Há toda uma cultura "On the Road" num país que é retalhado de norte a sul e de leste a oeste por vias interestaduais largas, bem feitas e bem planejadas

"Se você for parado por um urso [policial], pague a multa, mesmo injusta. Você não vai querer passar um fim de semana numa prisão no Sul profundo"



Jornada começa com a sensação de refazer o caminho dos pioneiros

SÉRGIO DÁVILA
DA CALIFÓRNIA

"Eu estava debruçado sobre os mapas dos Estados Unidos havia meses, inclusive lendo livros sobre os pioneiros e saboreando nomes como Platte e Cimarron e outros, e no mapa de estradas havia uma trilha vermelha longa chamada Rota 6, que ligava a ponta do Cabo Cod diretamente até Ely, em Nevada, e de lá mergulhava para Los Angeles." Assim se refere o personagem Sal Paradise, do livro "On the Road", aos preparativos para sua primeira viagem sozinho pelos EUA, da Costa Leste à Costa Oeste. Sal, na verdade, é o alter ego do autor Jack Kerouac (1922-1969).
A horas de começar a viagem, a sensação é parecida.

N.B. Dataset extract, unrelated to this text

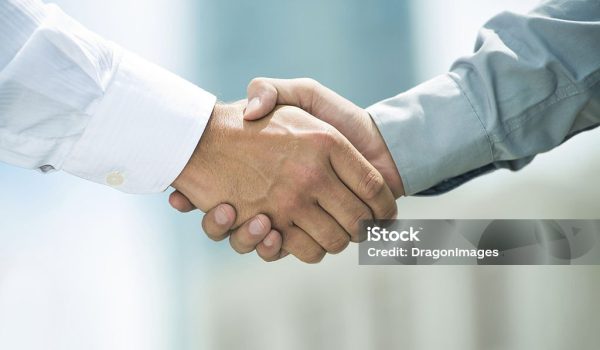 Close-up image of a firm handshake standing for a trusted partnership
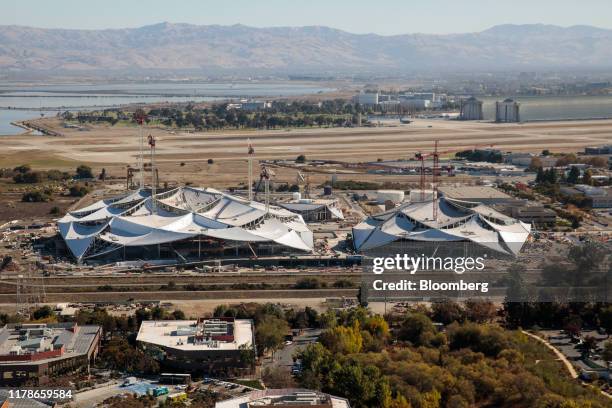 Buildings stand under construction at the Google campus in this aerial photograph taken above Mountain View, California, U.S., on Wednesday, Oct. 23,...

Primeiro, pelos mapas. O MapQuest assusta: se fosse de uma vez, sem parar para dormir, comer, reabastecer, a jornada levaria 42 horas e 25 minutos no volante do carro, a maioria pela I-10. A Interstate 10 é a rodovia interestadual norte-americana mais ao sul dos EUA, que começa no Pacífico californiano e termina no Atlântico da Flórida. Alguns caminhoneiros a chamam de "a interestadual mais solitária do país", pois cruza pelo menos três desertos, embora oficialmente esse título seja da I-80, mais ao centro, que liga San Francisco a Nova Jersey.
Na AAA, a Associação Americana de Automóvel, à qual qualquer viajante que se preza se associa, Louis, o rapaz que me atende, grita "o quê?" e diz que não vai me alugar o carro. "De Los Angeles a West Palm Beach? Você não vai conseguir. Sinto muito, mas não alugo." Atônito por ter de explicar a um vendedor por que ele deve aceitar meu dinheiro, pondero as distâncias, detalho o plano, falo dos hotéis e do planejamento. "Vou ter de falar com meu superior", concede ele (voto não-declarado nas eleições de terça).
Cinco minutos de música clássica depois, Louis volta: "OK, o carro é seu. Mas coloquei o "Never Lost" no pacote, porque você vai precisar". Trata-se de um serviço de navegação por satélite, cada vez mais comum nos EUA, no qual você coloca o "CEP" de saída e o de destino, e um visor mostra um mapa que indica o caminho. Pode-se optar ainda por uma voz, masculina ou feminina, que vai dizendo: "Agora, vire à direita. Agora, siga nesta estrada por 30 milhas". Voz esta que, espécie de HAL automotivo, corrige o motorista: "Você não virou à esquerda na última rua, como eu indiquei. Faça o retorno e volte. Você não virou è esquer...".
Há toda uma cultura "On the Road" num país que é retalhado de norte a sul e de leste a oeste por rodovias interestaduais largas, bem feitas e bem planejadas. Relatos, dicas e mapas atulham a Internet. Um amigo acha o "Bear Trap Guide", o guia das "armadilhas de urso", na verdade um exaustivo roteiro de radares e patrulhas espalhados pelas estradas norte-americanas -os ursos são os policiais. Só na I-10, há 35 patrulhas escondidas, esperando o motorista desavisado passar a mais de 70 milhas por hora ou 75 milhas por hora (cerca de 112 km/h e 120 km/h, respectivamente), os dois limites de velocidade.
Um motorista aconselha: "Se você for parado por um urso, pague a multa, mesmo que injusta, ou então ele vai levá-lo para a cadeia local e dar um jeito de você só ser ouvido pelo juiz depois de passado o fim-de-semana. Principalmente se você for negro, como é o meu caso. E, acredite, branco ou negro, você não vai querer passar um fim de semana numa prisão no Sul profundo...". Antes do Sul profundo, no entanto, tenho de sair da Califórnia e enfrentar Arizona, Novo México, Texas...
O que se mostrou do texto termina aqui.